Economic theory sheds interesting insight as to why people save. Households save because of their desire to smooth their consumption. It makes sense for people to have a stable lifestyle. This basic observation dates back even to the times of the Bible – remember when Joseph advised the pharaoh to encourage storage during the seven years of abundant crops to make up for the subsequent seven years of famine?

According to the theory of consumption smoothing, people should borrow when they are young and when their income is low. During middle age they should then repay the loans and save for their old age, something which is made possible as a result of their higher income. During old age they should then run down their savings, at a time when their pension income is low. It is optimal for people to behave in this way. Consumption patterns should be based on people’s lifetime income and not be limited by their current income.

Although the pattern of savings should follow this path, there are also structural features which would tend to reduce the necessary amount of savings compared to decades ago. Indeed, a financially sophisticated economy gives people more confidence in their ability to borrow and hence diminishes the need of one of the motives for savings, namely for precautionary purposes.

An interesting issue which has been largely ignored is the return on people’s savings. So far the focus has been mainly on the protection of savings – ensuring that if someone has saved a given amount, at least he is guaranteed that an equal amount of money back. In economic terms this is, however, a false guarantee. What matters is the real value of money and not the nominal amount.

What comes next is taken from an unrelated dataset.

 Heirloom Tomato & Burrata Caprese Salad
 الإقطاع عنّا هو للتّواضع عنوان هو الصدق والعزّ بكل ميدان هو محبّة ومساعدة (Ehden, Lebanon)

If you save €1 today and someone promises you to give you €1 again in 30 years’ time, it should be immediately obvious to that person that he is making a raw deal, because in the meantime the purchasing power of money would have been largely eroded.

Furthermore, in terms of risk allocation, if savers are not also guaranteed a fixed return, they will face the risk of uncertain returns.

Standard theory suggests that it is optimal for risk to be borne by the party which is more able to absorb risk. This is why the fact that financial institutions in Malta offer long terms savings plans whose returns are largely variable – rather than fixed – is a deficiency. Moreover, the benefit of having financial institutions take a leading role in pension plans is due to their ability to diversify risk better than an individual could and in this way obtain a better risk-return combination.

Any threat that the pension income will not be sufficient in future is not credible: this cohort will be strong enough to vote for higher pensions

But if financial institutions end up building portfolios dominated to a large extent by Malta Government Stocks, this would defeat the purpose, since an individual can easily replicate such portfolio at a much lower cost. When households buy MGS, they buy at the announced price while financial institutions bid for the remaining amount, which in general translates into a higher price, and thus a lower return.

Do people need tax incentives to encourage them to save? A liberal economist would argue that people don’t save enough because they are convinced that they will be bailed out in future. The arithmetic supports this argument. In future, pensioners will be a significant proportion of the Maltese population, and hence of the electorate. In 2013, people aged 60 plus were already almost a quarter of the total population. In future they will undoubtedly be a strong lobby group. Any threat that the pension income will not be sufficient in future is not credible: this cohort will be strong enough to vote for higher pensions.

Viewed in this way, that is why international watchdogs such as the EU Commission and the International Monetary Fund occasionally sound the alarm and emphasise the need to act now on pension reform.

This type of reasoning also casts some doubt on the efficacy of voluntary pension schemes.

The forthcoming introduction of the third-pillar pensions in Malta, which basically means the possibility for people to benefit from tax deductions if they commit themselves to regular saving in predefined financial instruments, will be an interesting economic experiment to gauge the extent to which economic incentives alone are sufficient to change behaviour. Those who are financially literate will be able to assess the benefits and costs of foregoing current consumption for higher pension income in future, and act accordingly. But what about those who are less financially literate? Will they be able to make a wise decision? Informed decisions pre-suppose adequate knowledge. There needs to be adequate and unbiased information campaigns to explain the issues at stake. If such campaigns and tax incentives fail, the only remaining solution would be mandatory saving through second-pillar pensions.